I only realised yesterday, from the discussion with cks, how a “forgiving” mode can be useful for the exponential ratelimiter, and how it corresponds to the less-lenient mode of linear leaky bucket and GCRA ratelimiters. (I didn’t describe the less-lenient mode in my GCRA article.)

anecdote

One of the hardest things about ratelimiting email was coming up with a policy that didn’t cause undue strife and unnecessary work.

When other mail servers (like the departmental server in the anecdote above) were sending mail through my relays, it made sense to use “leaky” ratelimiter mode with SMTP 450 temporary rejects. When there was a flood of mail, messages would be delayed and retried automatically.

When their queue size alerts went off, the department admin could take a look and respond as appropriate.

That policy worked fairly well.

However, when the sender was an end-user sending via my MUA message submission servers, they usually were not running software that could gracefully handle an SMTP 450 temporary rejection.

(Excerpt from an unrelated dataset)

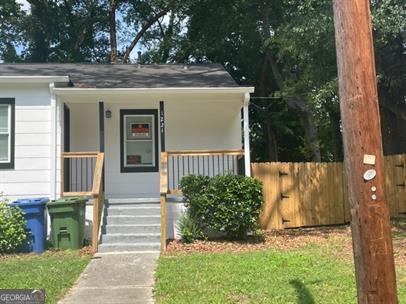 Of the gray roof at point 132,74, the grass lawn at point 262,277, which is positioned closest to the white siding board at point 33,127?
the gray roof at point 132,74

The most difficult cases were the various college and department alumni offices. Many of them would send out annual newsletters, using some dire combination of Microsoft Excel / Word / Outlook mailmerge, operated by someone with limited ability to repair a software failure.

In that situation, SMTP 450 errors broke their mailshots, causing enormous problems for the alumni office and their local IT support. (Not nice to realise I caused such trouble!)

The solution was to configure the ratelimiter in “strict” mode and “freeze” or quarantine over-limit bulk mail from MUAs. The “strict” mode ensured that everything after the initial burst of a spam run was frozen.

When the alert was triggered I inspected a sample of the frozen messages. If they were legitimate newsletters, I could thaw them for delivery and reset the user’s ratelimit. In almost all cases the user would not be disturbed.

If it turned out the user’s account was compromised and used to send spam, then I could get their IT support to help sort it out, and delete the frozen junk from the quarantine.

That policy worked OK: I was the only one who had to deal with my own false positives, and they were tolerably infrequent.